They are the cars of the Formula E, FIA world championships for racing cars powered exclusively with electricity, of which Enel is an Official Power Partner.

Compared to its older sisters that, following Melbourne and Shanghai, now race on the circuit in the Sakhir desert, the Formula E cars can boast two unique features: they are 100% sustainable and they don’t use fuel, but renewable electrical energy.

Lorenzo Rambaldi, Innovation Business Opportunity Manager, and Luigi Lanuzza, head of Storage Innovation, are members of the Enel Green Power team working with Formula E in order to make each event of the circus increasingly CO2 neutral, thanks to the best technological solutions from Enel in terms of renewable energy production, smart metering, energy management, storage and infrastructures for electric vehicle recharging.

 

How did the collaboration between Enel Green Power and Formula E begin?

L: About a year ago, Enel announced its entrance into the world of the FIA Formula E, becoming an Official Power Partner. The spirit of this competition is clearly oriented to renewable energy and sustainability, so the involvement of Enel Green Power is easy to understand. By participating in Formula E we want to promote sustainable mobility, but also experiment with and promote new commercial opportunities that we think will be very interesting.

 

How does EGP participate in the organisation of the individual ePrix?

R: Formula E can be defined as a real “travelling village” that is set up very quickly each time. At every single stop, the organisers create a small city over just hours or at most a few days, so EGP has to provide all the energy infrastructures necessary in a limited amount of time. Here our microgrids come into play, which are also itinerant.

 

What tools have we implemented?

R: We provide equipment and services, but we also deal with the overall energy management of the microgrid. Formula E asked EGP to make every event of the circus CO2 neutral. Currently, with 5 kW of photovoltaic and a 12 kWh storage system, we have managed to make a part of the village, the gaming area that holds incredibly realistic racing simulations, entirely independent and powered exclusively by renewables. But the project was launched recently and this is only a small example of what we will do in the future in New York.

 

We’re talking about 15 July when the Brooklyn ePrix will take place…

L: Exactly. In the second step of the project, we developed a system together with Demand Energy Network [the USA company specialised in software solutions and energy storage systems acquired by EGP in January, ed.] for the use of a storage system to support the recharging infrastructures of the race vehicles. A big step forward that will lead to further developments in the future.

 

How does the recharging of the Formula E electrical vehicles happen now?

R: Through generators powered by glycerine provided by the British company Aquafuel. It is basically a glycerine combustion process in generators similar to conventional diesel generators that allow for the production of renewable energy with a biofuel and therefore with no overall emissions, but with some critical issues. Compared to a normal diesel generator, in fact, the Aquafuel system is decidedly slower and less dynamic, so it’s not so well-matched with the fast pace of each phase of Formula E. What’s more, these generators must work in a fixed spot for their full potential, alongside resistive load banks that have to balance the microgrid.

 

How do our microgrids work?

L: They are powered by the glycerine generators of Aquafuel Research Ltd, a British research firm and supplier of Formula E, and by the grid of local distribution (when available), but they are supported by a storage system that conserves energy when there is too much and releases it when it is necessary. In this way, we reduce all waste of renewable energy, allowing Aquafuel to work with maximum efficiency.

 

And what will the future developments of this collaboration with Formula E be?
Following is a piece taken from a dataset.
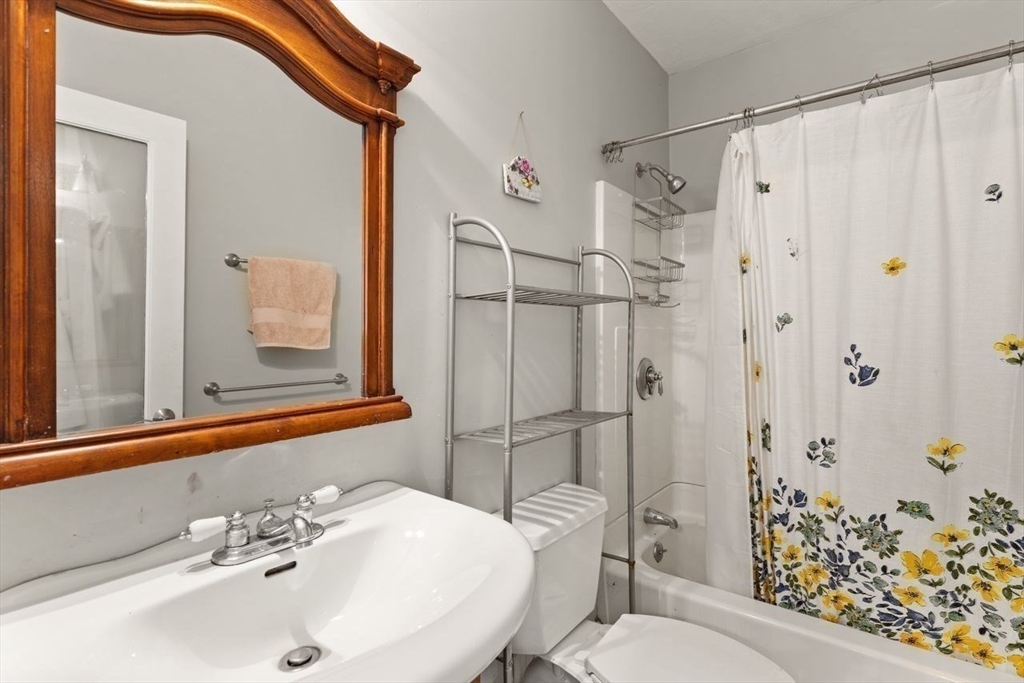 Salem, Massachusetts, 01970, United States, 2 Bedrooms Bedrooms, ,2 BathroomsBathrooms,Residential,For Sale,1896365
R: The developments we have planned are going to radically change the current situation of Formula E. The the moment, every race includes a mandatory pit-stop when each driver must start again with a second vehicle with a full battery. From the fifth season on, this won’t happen any more, because there will be new, more powerful batteries that will allow drivers to do an entire ePrix with just one vehicle. Obviously we will need a different, more powerful charging system for all the vehicles that, according to FIA rules, must be recharged simultaneously.

 

How will we manage to provide so much energy in such a short time?

L: Together with Formula E, we’ve come up with an innovative solution. The Aquafuel will be used to recharge storage earlier, which will then, simultaneously with the generator itself, give energy to the racing vehicles. In this way, we avoid the use of diesel and all the imperfections of Aquafuel, creating significant operational savings.

 

What does it mean for EGP to face such a demanding challenge?
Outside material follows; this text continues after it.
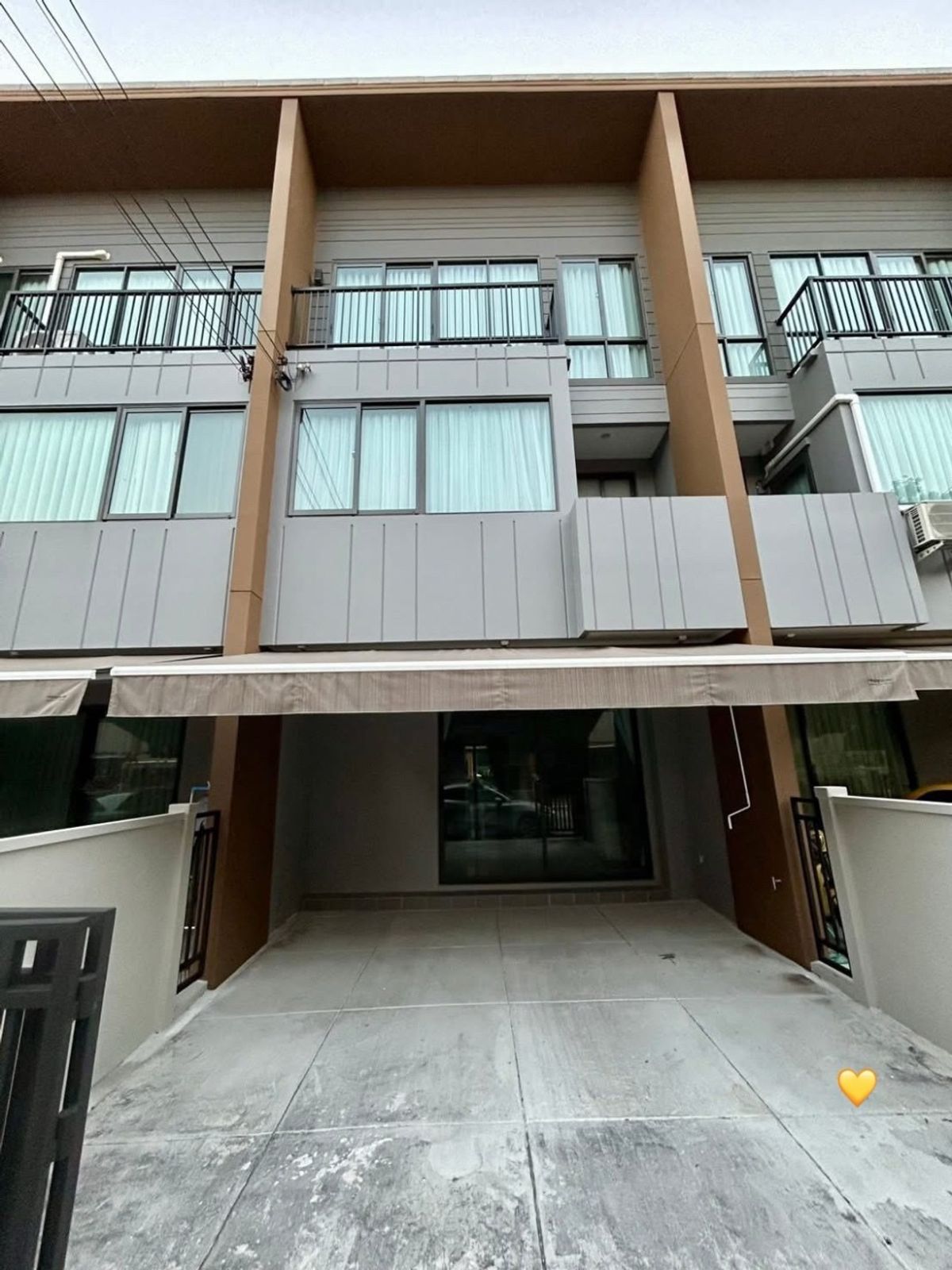 For RentTownhomeKasetsart, Ratchayothin : Rent a 3 -story townhome, Ban Klang Mueang Phahon-Ramintra Usable area 142 sqm. Near Central Ram Inthra 🚘 💰 Rental price 28,000 baht/month 💰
R: Formula E is an unprecedented testing ground, where EGP can provide a reliable and precise service in limited amounts of time. This allows us to develop solutions that can be allocated not only to motor racing, but also in many other contexts.

 

For example?

L: We’re certainly thinking of applications for the Commercial and Industrial industry, of generation systems in microgrid for remote sites in conditions of weak grids or without grids, but also of emergency situations and any context where it’s necessary to bring energy quickly. EGP is even able to reach places where a noisy and polluting diesel group would only get in the way.